# DirectX Problem.



## alexfitzy (Jul 19, 2011)

Okay. I'm completely new to this sort of stuff, so please have patience haha.

I've installed a game (Virtua Tennis 4 to be precise) and when I try to run the game I get the error:



> No Supported Audio Device Found.


I've been told that to fix it, I have to install this DirectX file on the .iso. When I try to install it I get another error, saying this:










Help, PLEASE!


----------



## alexfitzy (Jul 19, 2011)

Anyone?


----------



## spunk.funk (May 13, 2010)

Test you DirectX by going to Start/Search and type *dxdiag* and press enter. This will tell you the DirectX version you have. The game requires DirectX 9. Test your Audio in the program. Post results.


----------



## alexfitzy (Jul 19, 2011)

spunk.funk said:


> Test you DirectX by going to Start/Search and type *dxdiag* and press enter. This will tell you the DirectX version you have. The game requires DirectX 9. Test your Audio in the program. Post results.

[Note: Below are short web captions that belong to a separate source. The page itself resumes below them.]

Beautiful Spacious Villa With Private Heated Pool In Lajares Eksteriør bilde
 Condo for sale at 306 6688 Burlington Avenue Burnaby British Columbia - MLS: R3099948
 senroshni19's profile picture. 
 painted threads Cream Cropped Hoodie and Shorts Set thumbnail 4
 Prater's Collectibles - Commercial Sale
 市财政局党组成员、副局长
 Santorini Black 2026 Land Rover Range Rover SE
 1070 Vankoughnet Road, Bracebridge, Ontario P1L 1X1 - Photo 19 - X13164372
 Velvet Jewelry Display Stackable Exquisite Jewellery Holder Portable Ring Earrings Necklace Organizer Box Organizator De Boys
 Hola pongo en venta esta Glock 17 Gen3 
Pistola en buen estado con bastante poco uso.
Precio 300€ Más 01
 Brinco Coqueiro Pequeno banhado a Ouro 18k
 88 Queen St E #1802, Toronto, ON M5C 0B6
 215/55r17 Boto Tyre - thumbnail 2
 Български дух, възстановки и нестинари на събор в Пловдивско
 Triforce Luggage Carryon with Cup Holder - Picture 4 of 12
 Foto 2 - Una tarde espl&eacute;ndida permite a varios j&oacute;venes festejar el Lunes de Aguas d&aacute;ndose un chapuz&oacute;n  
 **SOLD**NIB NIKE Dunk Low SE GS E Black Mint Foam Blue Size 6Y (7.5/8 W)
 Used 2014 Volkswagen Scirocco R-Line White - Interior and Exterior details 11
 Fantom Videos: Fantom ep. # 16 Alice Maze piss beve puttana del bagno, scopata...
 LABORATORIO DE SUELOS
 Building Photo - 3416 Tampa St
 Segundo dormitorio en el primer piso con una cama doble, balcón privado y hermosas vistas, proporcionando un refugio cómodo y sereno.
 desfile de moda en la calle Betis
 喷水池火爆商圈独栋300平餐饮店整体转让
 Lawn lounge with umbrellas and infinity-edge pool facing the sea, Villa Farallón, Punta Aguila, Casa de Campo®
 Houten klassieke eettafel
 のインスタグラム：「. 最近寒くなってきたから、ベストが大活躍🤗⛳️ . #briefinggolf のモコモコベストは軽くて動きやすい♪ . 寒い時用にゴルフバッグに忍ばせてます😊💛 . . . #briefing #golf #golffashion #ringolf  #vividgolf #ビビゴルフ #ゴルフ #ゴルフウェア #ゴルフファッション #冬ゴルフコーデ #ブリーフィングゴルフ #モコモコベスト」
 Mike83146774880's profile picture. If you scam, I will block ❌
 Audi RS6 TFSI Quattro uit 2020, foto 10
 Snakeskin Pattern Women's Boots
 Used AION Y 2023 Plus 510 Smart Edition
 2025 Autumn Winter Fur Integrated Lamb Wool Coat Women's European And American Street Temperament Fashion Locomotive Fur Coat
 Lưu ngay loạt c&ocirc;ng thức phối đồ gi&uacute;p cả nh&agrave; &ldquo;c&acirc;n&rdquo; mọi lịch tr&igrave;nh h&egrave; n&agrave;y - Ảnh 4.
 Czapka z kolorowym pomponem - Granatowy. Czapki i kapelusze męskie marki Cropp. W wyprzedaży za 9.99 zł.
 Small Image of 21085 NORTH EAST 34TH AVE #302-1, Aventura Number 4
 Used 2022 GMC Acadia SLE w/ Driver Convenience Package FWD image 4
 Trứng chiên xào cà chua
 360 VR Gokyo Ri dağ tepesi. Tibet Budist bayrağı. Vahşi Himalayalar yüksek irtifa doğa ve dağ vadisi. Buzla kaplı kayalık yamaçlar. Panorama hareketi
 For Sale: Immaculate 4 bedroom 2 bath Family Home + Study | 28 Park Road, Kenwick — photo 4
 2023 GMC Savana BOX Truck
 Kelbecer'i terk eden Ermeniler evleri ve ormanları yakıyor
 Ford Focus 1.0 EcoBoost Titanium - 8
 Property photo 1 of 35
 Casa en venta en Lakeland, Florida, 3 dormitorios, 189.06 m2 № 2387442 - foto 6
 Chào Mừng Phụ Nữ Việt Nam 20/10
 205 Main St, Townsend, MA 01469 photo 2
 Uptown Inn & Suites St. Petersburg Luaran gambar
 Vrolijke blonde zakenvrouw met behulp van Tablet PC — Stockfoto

Says i'm running DirectX 11.


----------



## cluberti (Aug 26, 2010)

OK - does the audio test work properly in dxdiag?


----------



## alexfitzy (Jul 19, 2011)

cluberti said:


> OK - does the audio test work properly in dxdiag?


Erm. I'm not sure.

Could you guide me through? This is a screen-sharing link. 
https://join.me/383-449-847
Let me know in the chat when you've joined.


----------



## alexfitzy (Jul 19, 2011)

...or not.


----------



## cluberti (Aug 26, 2010)

Sorry, work for a living. Simply run dxdiag, go to the sound 1 and sound 2 tabs, and run each test. Assuming they come back no issues found, then the problem wouldn't be with your drivers or directx, at least.


----------



## alexfitzy (Jul 19, 2011)

cluberti said:


> Sorry, work for a living. Simply run dxdiag, go to the sound 1 and sound 2 tabs, and run each test. Assuming they come back no issues found, then the problem wouldn't be with your drivers or directx, at least.













Thats that i got.


----------



## alexfitzy (Jul 19, 2011)

*bump*


----------



## Rich-M (May 2, 2007)

Sound test looks fine.
Time to tell us your hardware and /or brand name pc model number.


----------